#### WORK INSTRUCTION:
In the listing that follows, the lines starting at the one containing "Maison Exclusive - Set" and ending at the one containing "Uçak, uçak simgesi" are to be returned exactly, both boundary lines included, and no others.

#### MATERIAL TO PROCESS:
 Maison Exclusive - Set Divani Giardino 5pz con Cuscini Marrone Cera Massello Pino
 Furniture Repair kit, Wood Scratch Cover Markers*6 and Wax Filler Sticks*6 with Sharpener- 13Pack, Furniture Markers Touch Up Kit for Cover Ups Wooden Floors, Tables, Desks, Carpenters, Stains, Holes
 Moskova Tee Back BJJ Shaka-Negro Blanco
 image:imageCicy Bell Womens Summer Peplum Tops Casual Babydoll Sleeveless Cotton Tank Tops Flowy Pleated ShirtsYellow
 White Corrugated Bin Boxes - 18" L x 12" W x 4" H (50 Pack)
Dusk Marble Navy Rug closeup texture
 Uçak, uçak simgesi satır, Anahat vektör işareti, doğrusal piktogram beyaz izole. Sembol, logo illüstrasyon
...
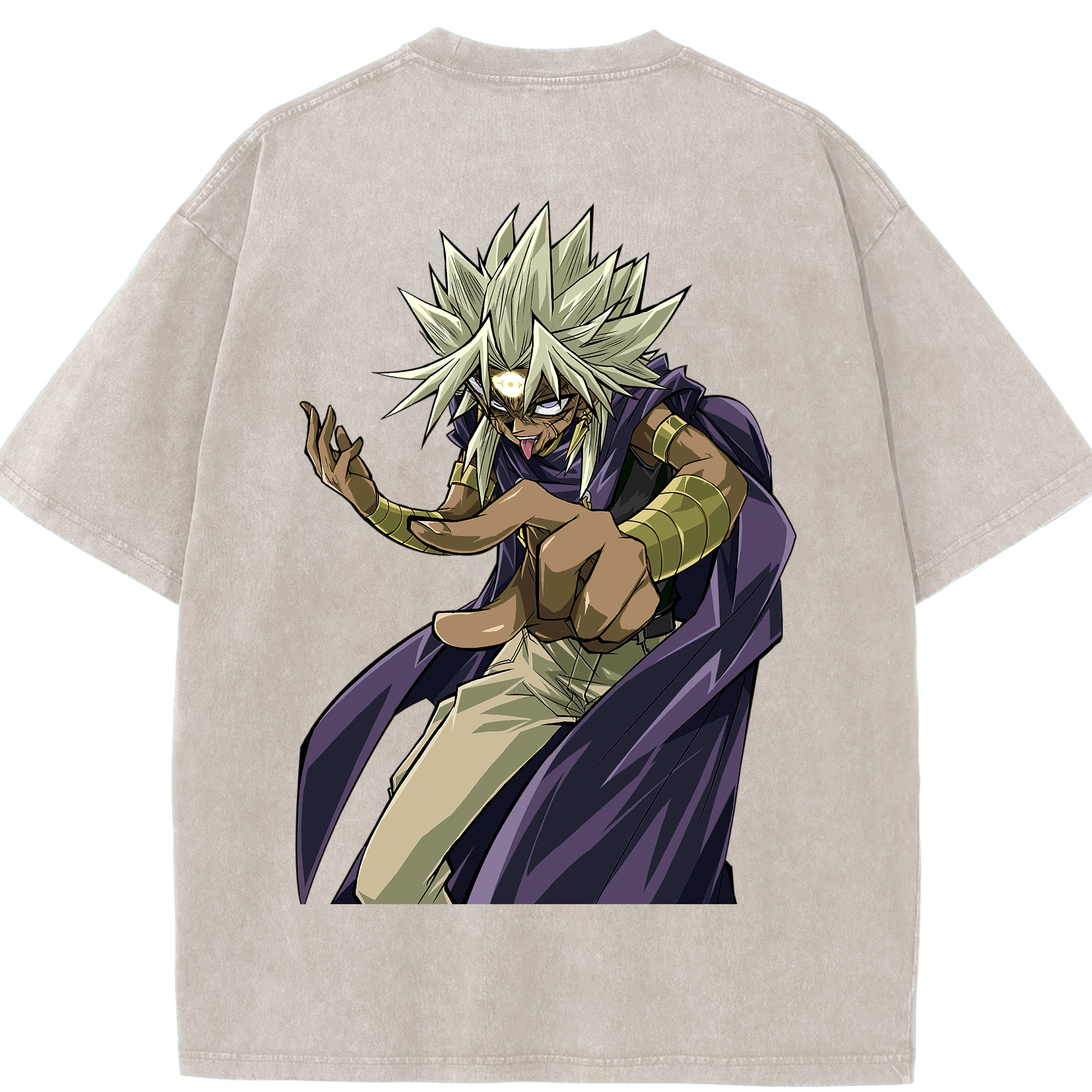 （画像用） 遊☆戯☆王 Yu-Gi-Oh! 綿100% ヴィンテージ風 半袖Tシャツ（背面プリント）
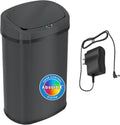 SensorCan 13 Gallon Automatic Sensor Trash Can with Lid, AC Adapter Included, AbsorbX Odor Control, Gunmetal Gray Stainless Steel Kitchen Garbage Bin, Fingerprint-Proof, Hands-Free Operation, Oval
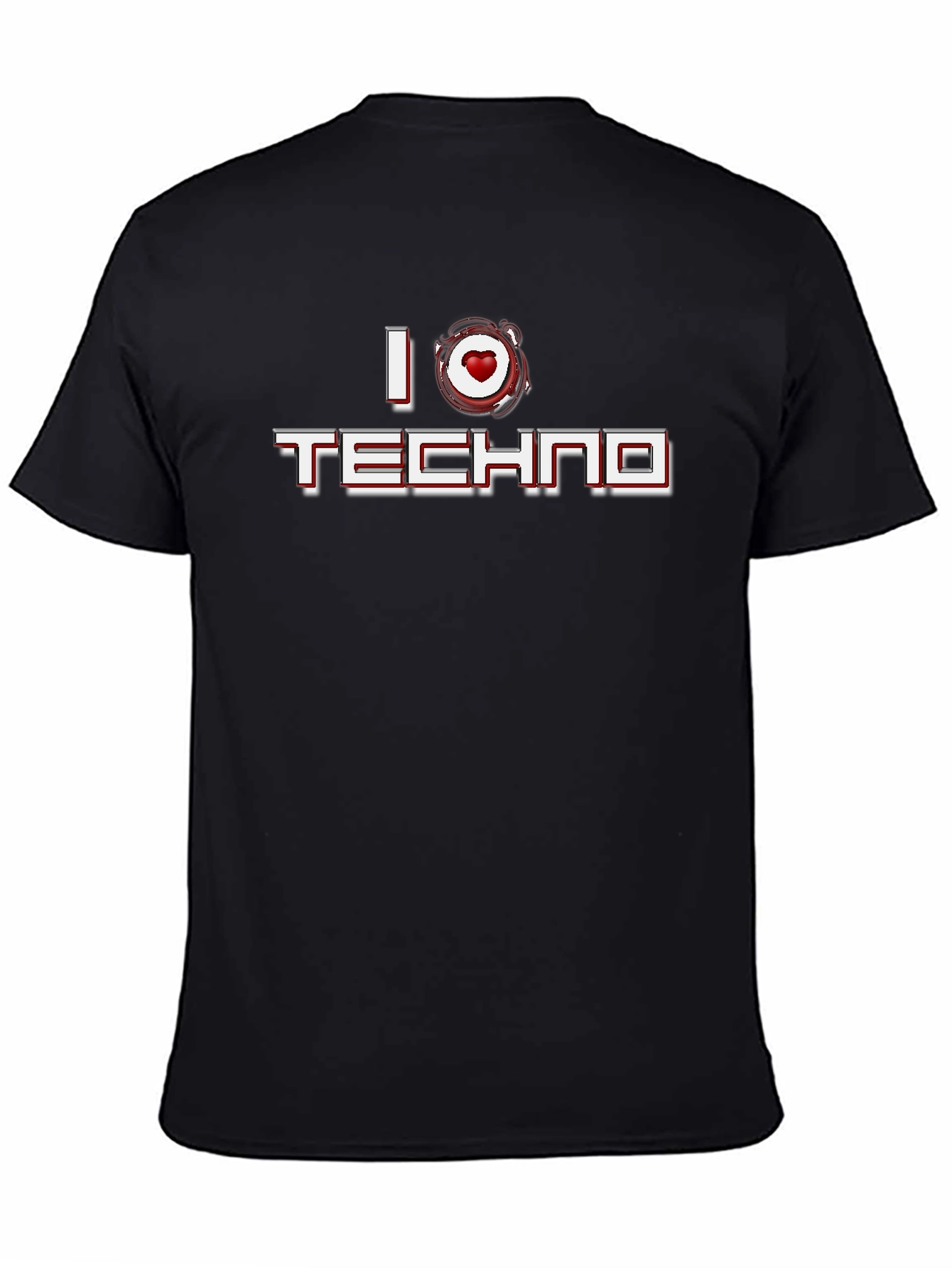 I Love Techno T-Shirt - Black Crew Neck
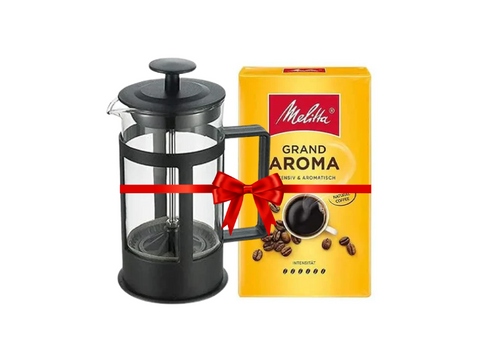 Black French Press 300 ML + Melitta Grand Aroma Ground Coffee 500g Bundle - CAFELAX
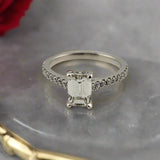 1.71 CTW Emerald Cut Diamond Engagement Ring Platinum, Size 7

#### YOUR SOLUTION:
 Maison Exclusive - Set Divani Giardino 5pz con Cuscini Marrone Cera Massello Pino
 Furniture Repair kit, Wood Scratch Cover Markers*6 and Wax Filler Sticks*6 with Sharpener- 13Pack, Furniture Markers Touch Up Kit for Cover Ups Wooden Floors, Tables, Desks, Carpenters, Stains, Holes
 Moskova Tee Back BJJ Shaka-Negro Blanco
 image:imageCicy Bell Womens Summer Peplum Tops Casual Babydoll Sleeveless Cotton Tank Tops Flowy Pleated ShirtsYellow
 White Corrugated Bin Boxes - 18" L x 12" W x 4" H (50 Pack)
Dusk Marble Navy Rug closeup texture
 Uçak, uçak simgesi satır, Anahat vektör işareti, doğrusal piktogram beyaz izole. Sembol, logo illüstrasyon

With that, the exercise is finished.